I have written a book, yes, and I’m about to write my second book. I have written a book called The 6 Steps to Financial Freedom and that was based around when I had my mortgage business; I had about 50 brokers working for me at the time. That was before the big crash in 2008. I developed a system, in fact, a formula, to show anybody how to get out of debt, including their mortgage, in a fraction of the time just using their existing money.
Funnily enough, people don’t consider their mortgage a debt, the banks have been very good at disguising what people think as a mortgage as something that you have around your neck like a noose for 25 years, and people seem happy about that.
What should we expect from your second book?
Well the book is going to be all about a drug that I’ve used quite consistently over the last few years, and it’s called opium. Have you heard of opium?
It’s called Other People’s Money.
It is showing people how real property developers, people in property, use other people’s money. Most people realise that a bank is other people’s money, and that is just one form of using other people’s money to leverage and gear through property.
There are lots of different ways that people can accelerate their growth because there is a fallacy that in property you always need money, and the truth is you don’t always need your money. You just need to know how to access that money, and there are lots of people out there that are either time or knowledge poor, but have the actual cash resources and would like to pay and invest through property, and through people that they know have the expertise. So that’s the area I’ll be writing on in a lot more depth.
If you were to then write another book about a change you would make in the property development space, what would that focus on?
Wow, a change in the property/development industry? I guess it’s the expectation between the buyer and the seller. Most sellers always feel that their land is worth a lot more than what it is and the buyers always feel that it’s worth less.

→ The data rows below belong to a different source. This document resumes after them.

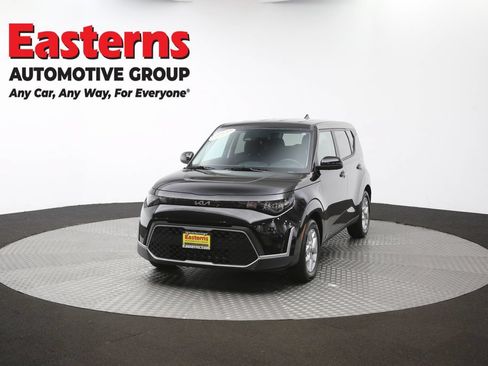 Used 2025 Kia Soul LX w/ LX Technology Package FWD image 52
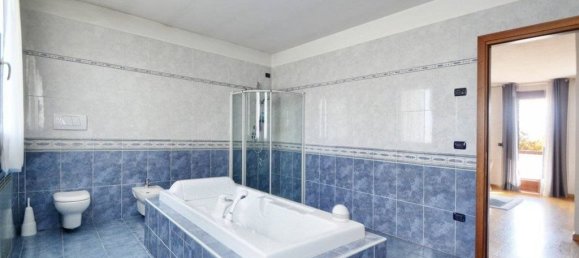 4 bedrooms Villa in Casier, Italy No. 128072 12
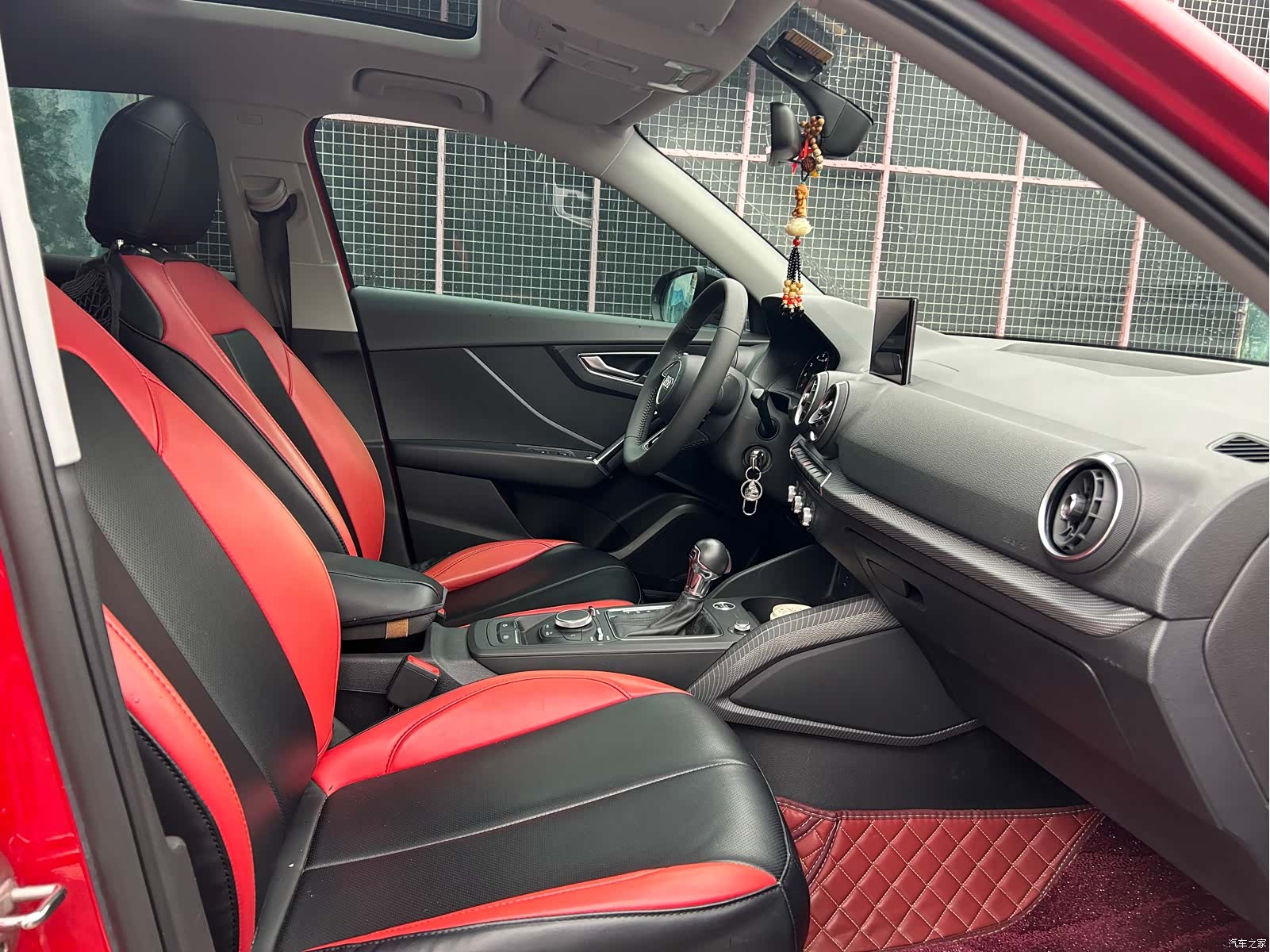 Audi Q2L, 2019 9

Having something more transparent, industry wide, where people can actually attain what the true value of a property is to make it commercially viable.

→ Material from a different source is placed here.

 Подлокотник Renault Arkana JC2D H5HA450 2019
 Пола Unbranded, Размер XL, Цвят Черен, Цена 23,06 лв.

And also for educating with agents, most agents’ work on behalf of the seller, by managing their expectations of what prices may be. This just makes it much more fluid. The market needs to be a lot more fluid, and it’s…I think it’s through less greed, and more through education.
At TrustedLand, we encourage the notion of building a legacy through your land, do you have a project or development that you’ve worked on that you would consider a part of your legacy?
I have two sides to what I call my legacy. One is my buy-to-let portfolio, which is a legacy that I’m going to leave for my children and my loved ones. But each development that I do, I do with the expectation that they are going to last hundreds of years; the builds are high quality and high specification. Quite often, what I will do, which not a lot of people do, is when I am negotiating with a landowner, for example if I’m building a block of flats, I’ll name the block of flats after their family.
So they have a continued use of their name, and their property doesn’t just die. Effectively, when you’re developing the land you continue with that name, and a lot of landowners like that. So it’s more of their legacy, rather than my legacy. Mine is just building quality property, for the housing market, I tend to build very – what I call middle of the road – properties, anything sort of 700-800k.
What do you feel is the most interesting aspect of the work you do, or the industry itself?
I think what’s interesting is that we know very little. And the industry is always evolving, always changing. Without expert help from professionals like architects, agents, lawyers, it’s easy to fall over very quickly. People don’t invest in professionals’ property, and without that, it’s easy to get lost. There’s a saying that says "if you think the cost of good advice is expensive, try the cost of poor or bad advice".